自国の文化や先人の知恵に学び、それらを活かしながら生きていく。そんな社会で私は生きたいと思ったからです。生きることって簡単ではないと思うんですよ。でもどうせ大変なら自分がやりたいこと、理想とすることのために自らの人生の時間を使いたい。だからこそ頑張る意欲が湧いてくるんだと思います。
私はある意味では、365日24時間、「和える」のことを考えているのかもしれません。もちろんご飯を食べたり友達と会ったりはするんですけど、頭の片隅に「和える」のことがずっとあって、例えばレストランに行ったときのお皿と食材の盛り付け、美術館の作品、子どもと親のコミュニケーション、街中で目にする様々な光景が全て「和える」につながっているんです。仕事と人生を分けて考えていないんですよね。人生の中の一部に仕事がある。だから楽しいですよね。逆に言うと、人生から仕事をとってしまうと、少し物足りなくも感じてしまうかもしれませんね。それだけ、自分のために、誰かのために働くことって尊いことだと感じます。

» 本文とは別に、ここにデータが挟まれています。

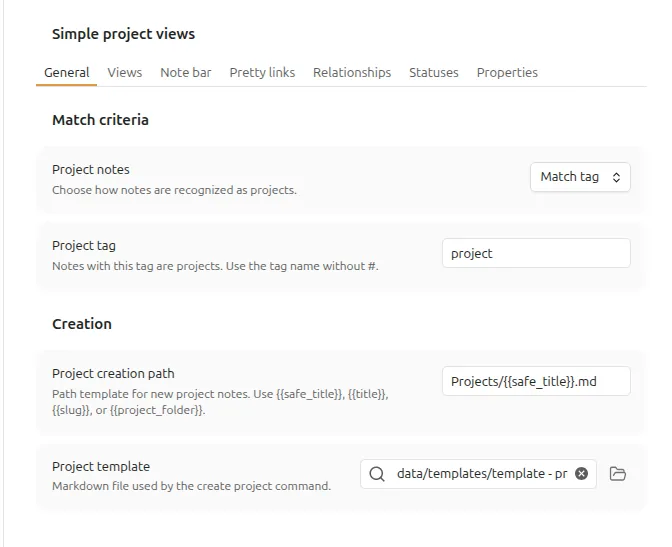 Project Notes screenshot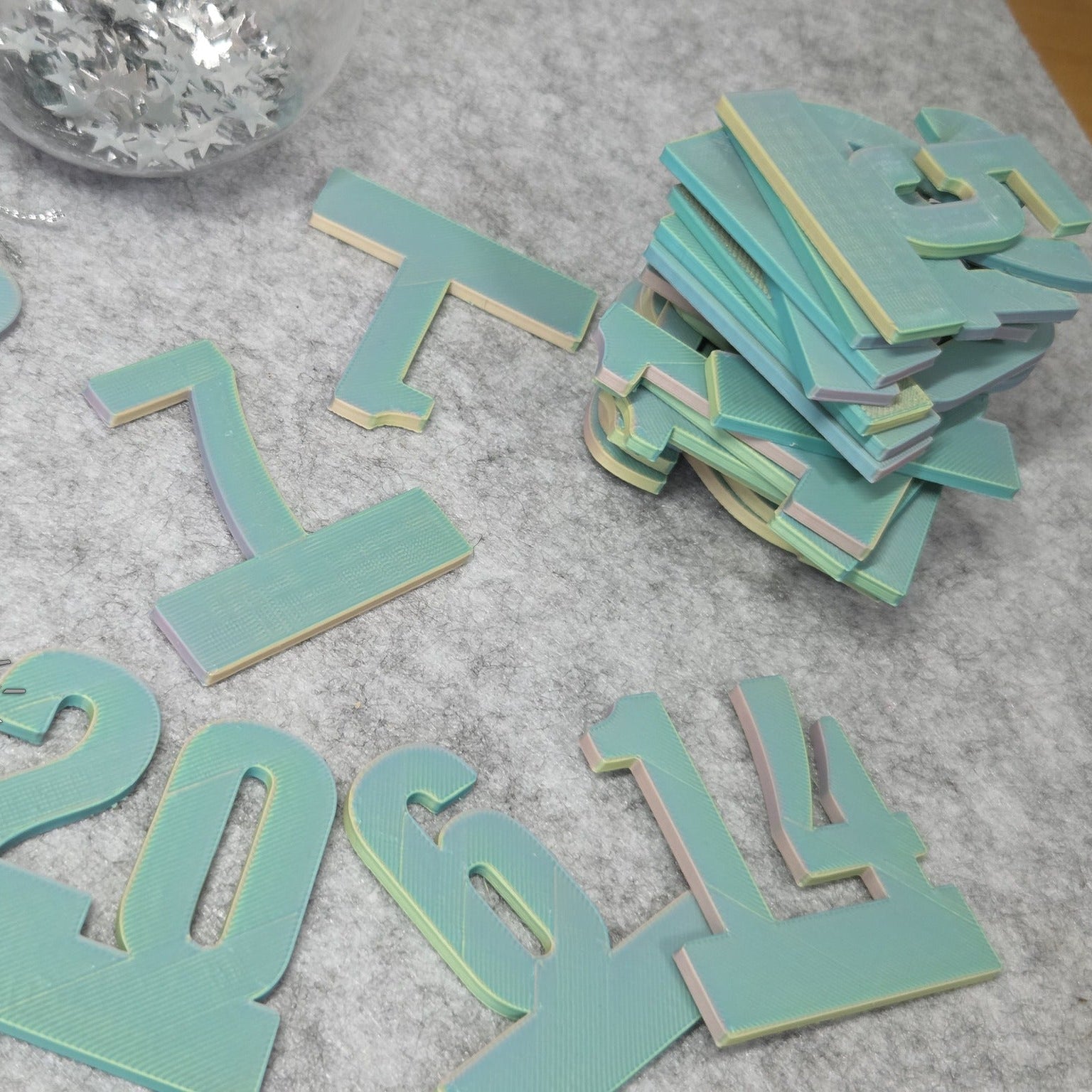 3D/ Plotter- / Laserdatei -  Adventskalender Zahlen 1-24 3D Druck gedruckt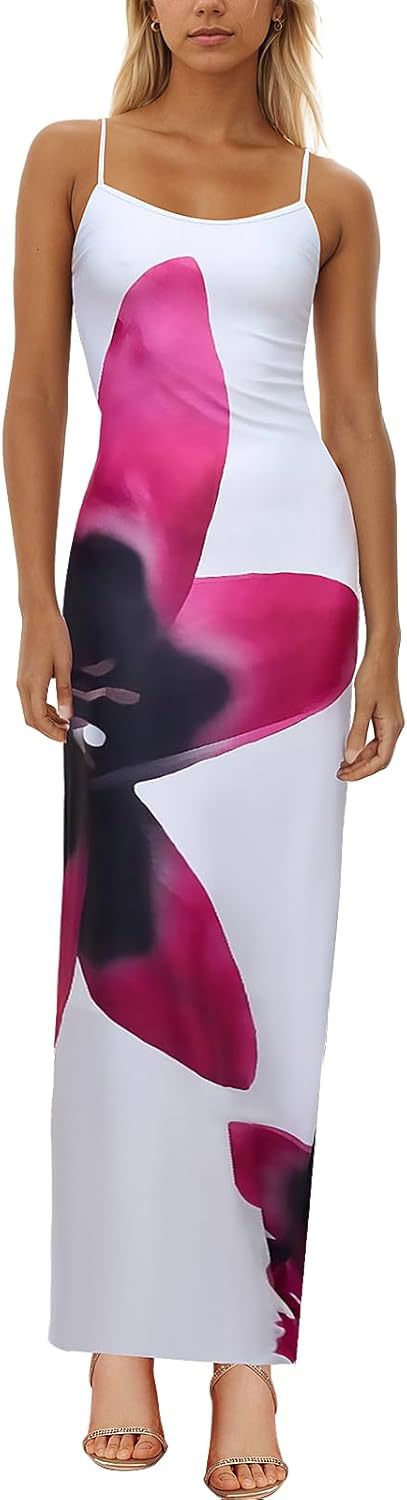 Elegant Floral Print Sling Dress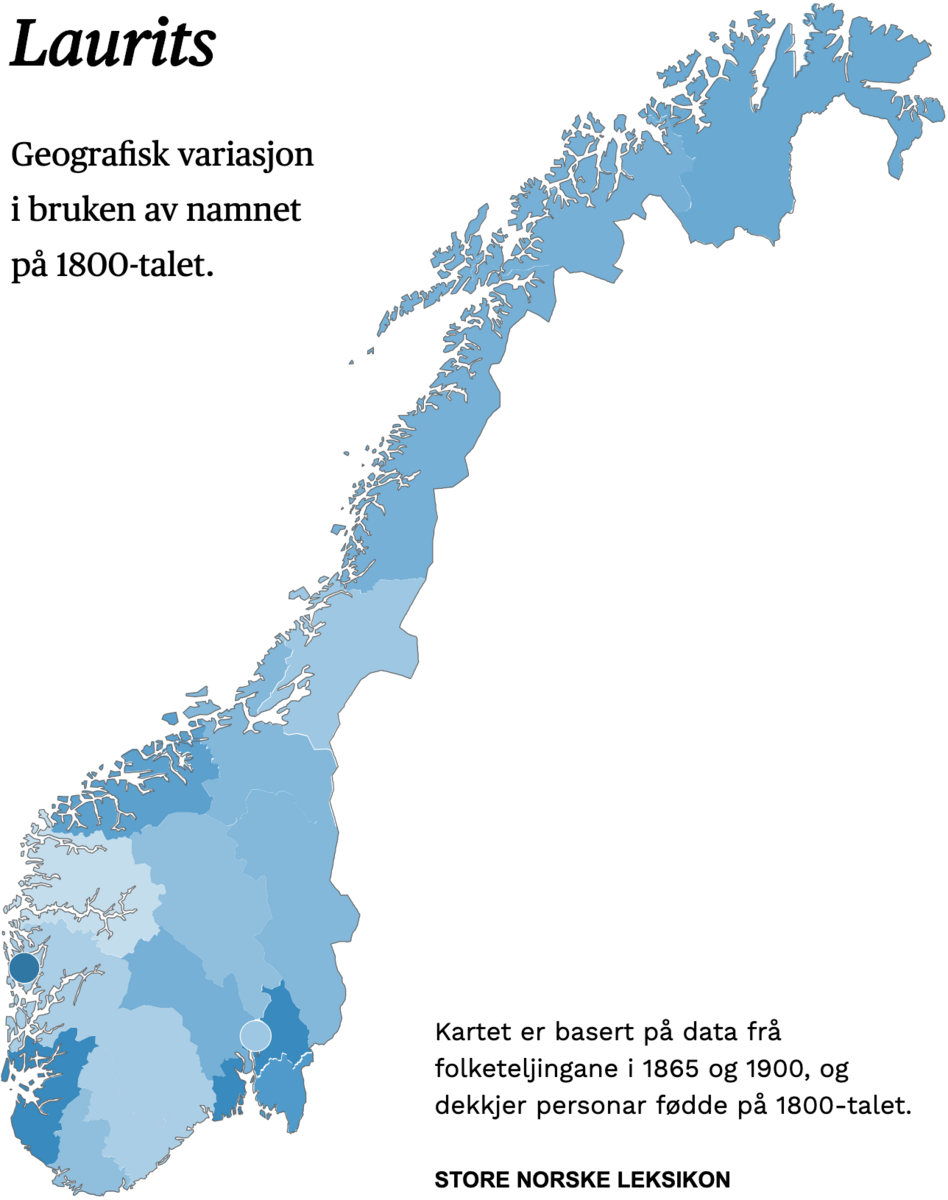 Geografisk variasjon i bruk av namnet Laurits på 1800-talet.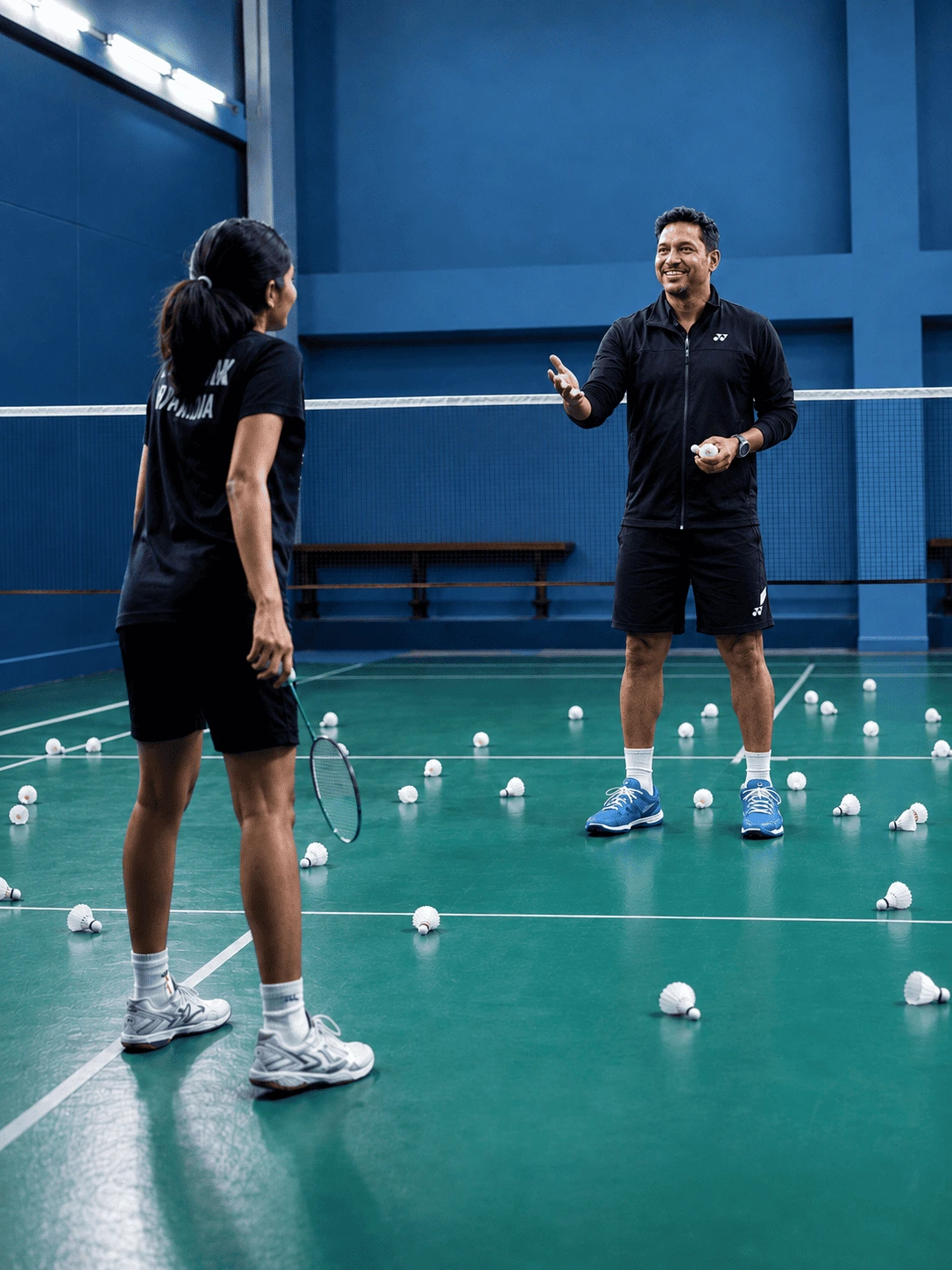 Coach Justin guiding a JNBC badminton trainee
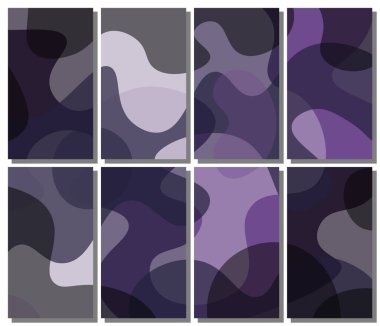 Abstract wavy set background. Abstract background. Vector illustration.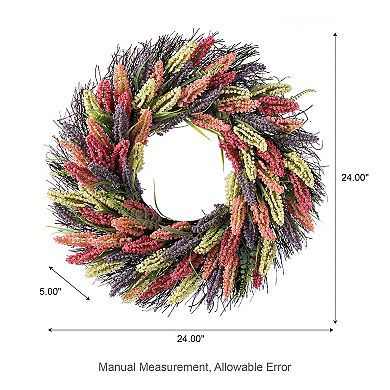Glitzhome 24"D Pink, Purple & Yellow Mixed Heather Wreath Includes a Black Metal Wreath Hanger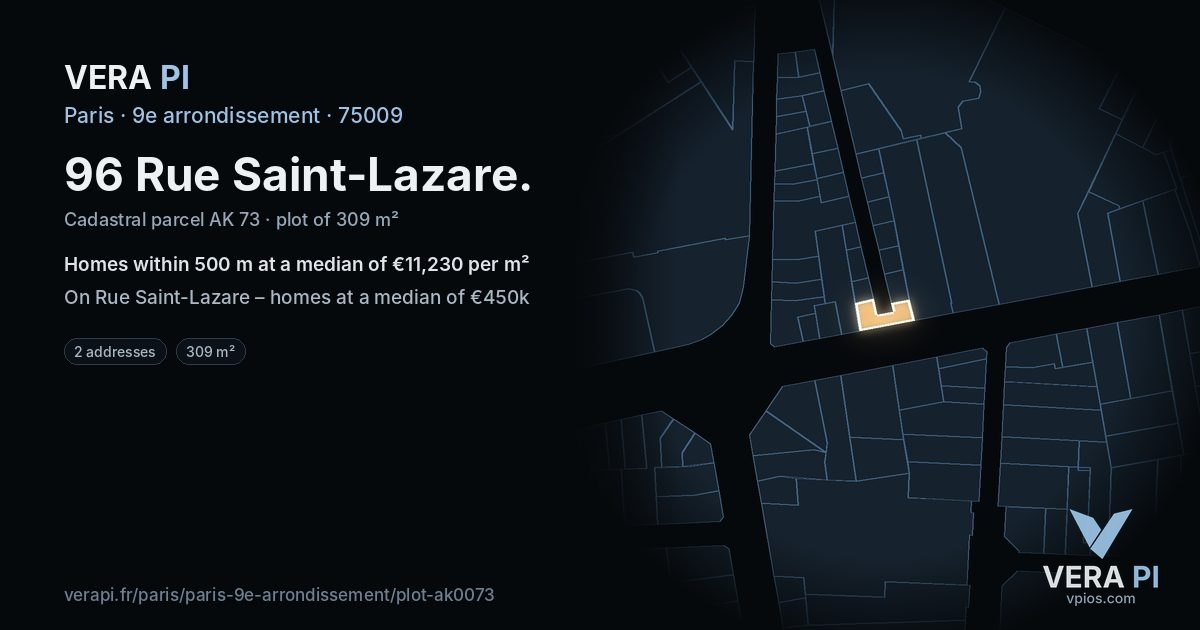 96 Rue Saint-Lazare, 9e arrondissement at night – the plot lit, the parcels around coloured by the prices near them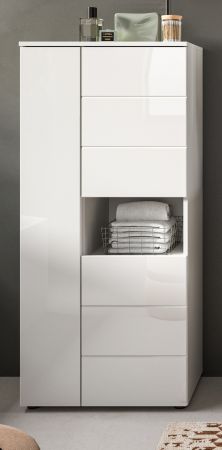 Badezimmer Midischrank Larik in wei� Hochglanz Badschrank 60 x 131 cm
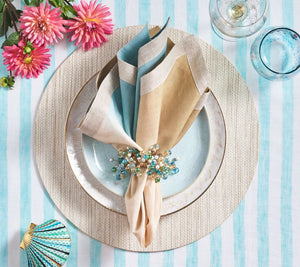 Spritz Napkin Ring in Natural & Seafoam, Set of 4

私がここまで自分の夢に一直線につき進めるのは、周りの環境に恵まれたことが大きいとも思います。「里佳ちゃんならできるよ!」と、家族や友人が本気で信じ応援してくれる。そういう心から応援してくれて背中を押してくださる環境が、夢と現実を近づける手助けになるはずです。

さいごに
矢島さんが自分の夢に向かって真っすぐでいられる秘訣「失敗を失敗のままで終わらせない、成功するまで続ける」「川の流れに沿って生きる」といった素敵な考え方を学ぶことができました。言葉にすると当たり前なようにも聞こえますが、感情や周囲に流されずに実行することは決して簡単ではないと思います。常に心に留めておきたい言葉に出会えました。